Home » Elon Musk’s Twitter takeover weighs down Tesla and Nasdaq

Elon Musk’s Twitter takeover weighs down Tesla and Nasdaq

by LLT Editor
27th Apr 22 11:47 am

Once considered incapable of doing anything wrong, tech superstars such as Alphabet are now shocking investors with news that growth can slow, and that they are susceptible to headwinds like any other business.

It’s put the fear into investors holding these stocks that the current reporting season will contain a mixed bag of news from the sector, hence the big sell-off in the tech-heavy Nasdaq index on Tuesday.

A key reason why Alphabet’s share price fell was a slowdown in YouTube’s advertising growth quarter-on-quarter. YouTube has recently been one of the big earnings drivers for the group with millions of people now treating it as a priority destination for content.

“Microsoft’s results beat expectations across all the key metrics, but its shares still slipped.
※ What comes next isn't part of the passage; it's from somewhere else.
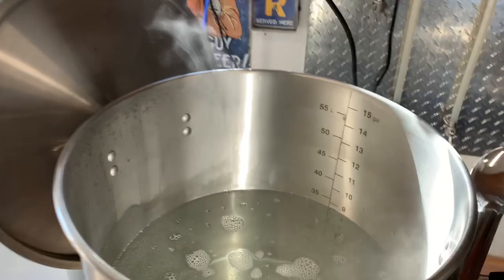Hey everybody, this is Eric. I'm back — it's been a little bit of time, but I'm back and I'm going to do a video on my brew day: the processes, steps, things to look for, things to look out for, what not to do and what to do. That's coming up next.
Fundamentally a good stock will struggle if a sector is out of favour, whereas bad stocks can thrive if a sector is in favour,” said AJ Bell’s Russ Mould.

“Apple, Amazon and Meta are next to report their earnings and investors seems to be braced for potential bad news. Apple and Amazon are heavily reliant on consumer spending and the current cost of living crisis has cast a dark cloud over how much money the public has spare to splash on non-essential items. Meta is heavily reliant on advertising spend so if YouTube is seeing weakness, it too might be suffering.